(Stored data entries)
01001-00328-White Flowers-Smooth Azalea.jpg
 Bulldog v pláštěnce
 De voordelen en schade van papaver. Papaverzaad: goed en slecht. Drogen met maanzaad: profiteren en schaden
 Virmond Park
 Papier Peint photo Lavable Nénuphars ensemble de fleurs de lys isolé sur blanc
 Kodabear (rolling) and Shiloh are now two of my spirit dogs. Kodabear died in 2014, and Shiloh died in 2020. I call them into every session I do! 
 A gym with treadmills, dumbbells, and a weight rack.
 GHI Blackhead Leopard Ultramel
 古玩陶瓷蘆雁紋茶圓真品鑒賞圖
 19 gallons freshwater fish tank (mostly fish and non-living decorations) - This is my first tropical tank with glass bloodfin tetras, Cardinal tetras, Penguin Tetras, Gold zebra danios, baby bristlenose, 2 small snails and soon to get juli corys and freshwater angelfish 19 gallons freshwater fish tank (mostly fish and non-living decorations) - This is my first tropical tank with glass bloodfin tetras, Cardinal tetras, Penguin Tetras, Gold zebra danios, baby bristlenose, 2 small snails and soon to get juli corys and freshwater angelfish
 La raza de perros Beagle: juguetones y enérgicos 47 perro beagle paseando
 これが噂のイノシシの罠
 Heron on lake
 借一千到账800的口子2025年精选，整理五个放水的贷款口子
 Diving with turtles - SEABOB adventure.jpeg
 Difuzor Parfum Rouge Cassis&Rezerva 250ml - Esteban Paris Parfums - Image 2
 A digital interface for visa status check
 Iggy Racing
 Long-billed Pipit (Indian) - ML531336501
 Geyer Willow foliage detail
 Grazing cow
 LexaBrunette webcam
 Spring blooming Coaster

◆ Problem to solve ◆
A word-for-word restatement of the lines running from the one with "Papier Peint photo" to the last line of the records is the whole answer.

◆ Solution to the problem ◆
 Papier Peint photo Lavable Nénuphars ensemble de fleurs de lys isolé sur blanc
 Kodabear (rolling) and Shiloh are now two of my spirit dogs. Kodabear died in 2014, and Shiloh died in 2020. I call them into every session I do! 
 A gym with treadmills, dumbbells, and a weight rack.
 GHI Blackhead Leopard Ultramel
 古玩陶瓷蘆雁紋茶圓真品鑒賞圖
 19 gallons freshwater fish tank (mostly fish and non-living decorations) - This is my first tropical tank with glass bloodfin tetras, Cardinal tetras, Penguin Tetras, Gold zebra danios, baby bristlenose, 2 small snails and soon to get juli corys and freshwater angelfish 19 gallons freshwater fish tank (mostly fish and non-living decorations) - This is my first tropical tank with glass bloodfin tetras, Cardinal tetras, Penguin Tetras, Gold zebra danios, baby bristlenose, 2 small snails and soon to get juli corys and freshwater angelfish
 La raza de perros Beagle: juguetones y enérgicos 47 perro beagle paseando
 これが噂のイノシシの罠
 Heron on lake
 借一千到账800的口子2025年精选，整理五个放水的贷款口子
 Diving with turtles - SEABOB adventure.jpeg
 Difuzor Parfum Rouge Cassis&Rezerva 250ml - Esteban Paris Parfums - Image 2
 A digital interface for visa status check
 Iggy Racing
 Long-billed Pipit (Indian) - ML531336501
 Geyer Willow foliage detail
 Grazing cow
 LexaBrunette webcam
 Spring blooming Coaster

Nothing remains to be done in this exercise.